Watching Phoenix Satellite TV, I got to hear the mangled English of John Key, the bouncing jumps of a haka powhiri and the sight of the Chinese Vice-President, Xi Jinping, speaking about New Zealand and China's relationship in Auckland, it is easy to see that NZ as small as it is does register well here. News from home does register here. My students knew that New Zealand drew with Slovakia in the World Cup. Even the sad tale of a slain Chinese high school registered. Though the occasional student couldn't say where the archipelago of NZ is, most know that it is a very beautiful place.
Kiwidom is in fact flowing through my school at present. We may have the only three kiwis in all of the Guangzhou schools in my chain, the latest arrival, a teacher from Christchurch, also continues the tradition of us snaring all the proficient Chinese speaking international teachers. In addition to him, one of our local teachers also went to Victoria University and identifies strongly with New Zealand so we're probably more New Zealand than American.
That being said, I'm leaning myself away from this centre that has been home for the last seven months. I'm a strong candidate for a senior teacher position at another school in the chaim. I've been fortunate to have received a national award to strengthen my bid for the job and it may be up to me not to make a mess of an interview to secure my next position. Going to another centre, as uprooting as it may be, is essential for my growth as a teacher, to see how others operate, and give me the experience to possibly in this time abroad take the reins as a Director of Studies in my own right. Also, my school, though comfortable, is not necessarily the best place to develop. I want some professional pressure to improve myself and the possible position will ensure that is the case. I won't be top dog there, and I'll have a Director of Studies who is legendary for his punctiliousness.
But it is best not to get wrapped up in work, and with a fortunately timed national holiday I set off to Zhuhai and Macau to let off some steam for three humid days. These are two cities on either side of a historical border. Macau was once a Portuguese colony that was only returned back in 1998; Zhuhai was its "Mainland" neighbour who benefited heavily from its proximity to a formerly western trading port. Unlike Hong Kong which has many million people, Macau barely registers as a city bar its historical significance. It is now famous for casinoes but has more going for it than just that - it is quite a pretty little peninsula. I drank lots of port and ate egg tarts by the half-dozen. One night I had a great dinner almost alone except for my travel companion in a restaurant. The awesome service staff climbed out from behind the bar and bearing guitars gave us a rather impressive exhibition of song and music. Occasionally they fused a Chinese song with latin guitar. They merged their voices in a resonant harmony. They sang from classic to recent, and never seemed to miss a beat for their appreciative yet small audience. Food, or at least the atmosphere in which food came, was the greatest feature. Again I could have a cafe-feel. Again I could appreciate food in a room designed for ambient austerity, not hustle and clatter, where service helps but never crowds and often genuinely smiles: A western service concept.
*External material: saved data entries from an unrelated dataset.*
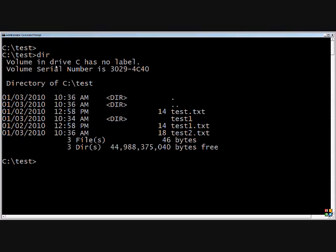Let's go ahead and compare test.txt to test1.txt. Now I know for a fact that those two files have the exact same thing in them, so it should tell us that.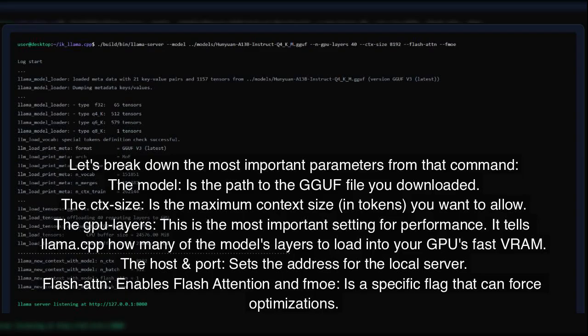Let's break down the most important parameters from that command. The model is the path to the GGUF file you downloaded. The CTX size is the maximum context size in tokens you want to allow. GPU layers is the most important setting for performance — it tells Llama.cpp how many of the model's layers to load into your GPU's fast RAM. The host and port sets the address for the local server. Flash ATTN enables flash attention, and FMOE is a specific flag that can force optimizations.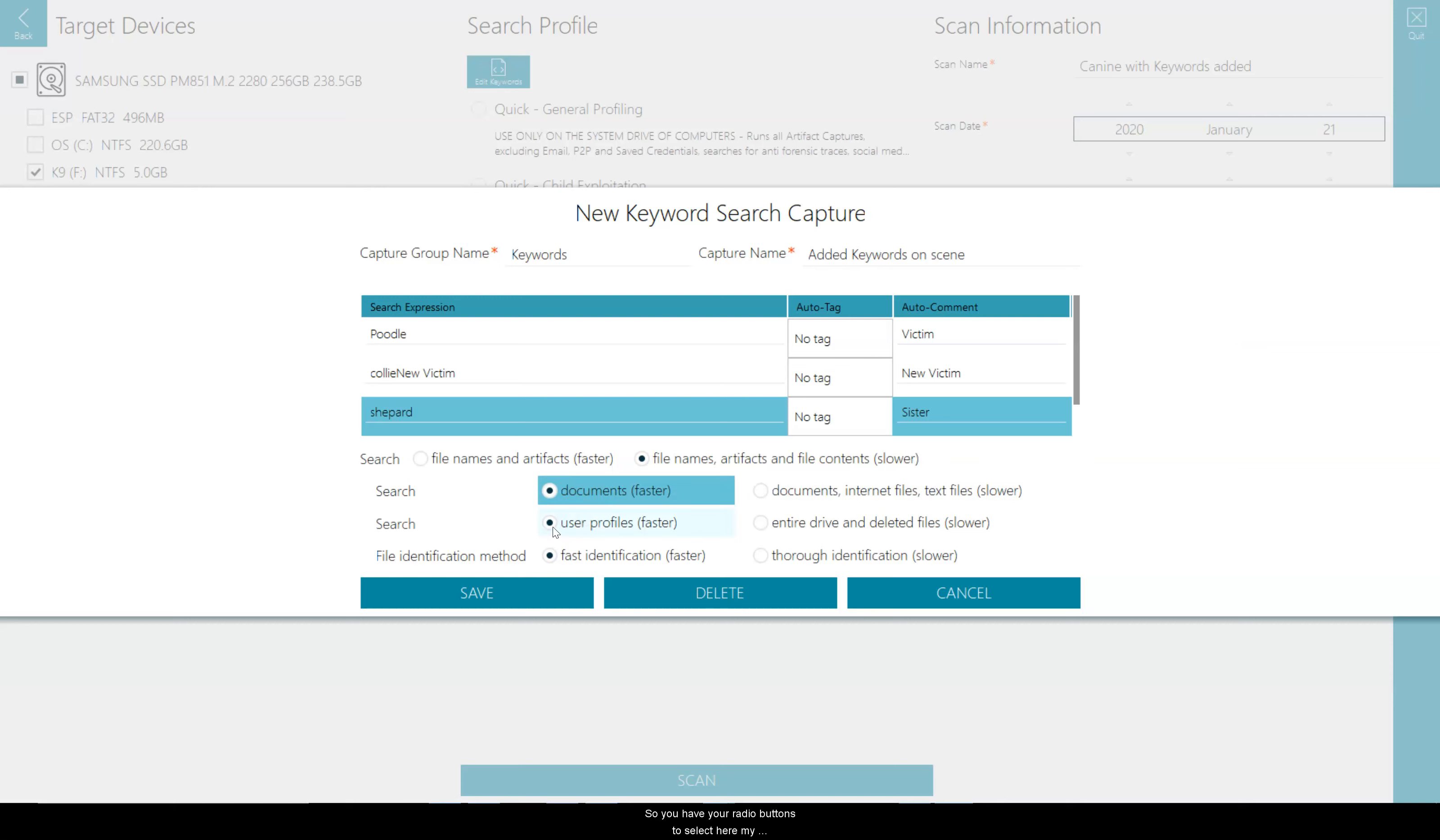My next option is where do I want to search. So am I sticking to the user profiles, which is faster? Or am I doing the entire drive and deleted files, which will slow it down more?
And the whole time the mercury crawls ever upwards. It is not yet the "hot months"; it is merely rather hot. It was 29 degrees at midnight last night and now at 9:30am it has again crossed that on the way back up, probably to peak at 34 sometime in the afternoon. I may be beginning to be physically affected by the constant swelter - my stomach is not itself and I'm occasionally dehydrated; but overall I no longer feel annoyed by it. Many of the local men seem to have the whole day shirtless. I wish I could. On my trip I saw people in the water at a beach. I wish I could be there too. I can only shut my eyes and imagine being tumbled by a wave of cold salt water at Port Waikato.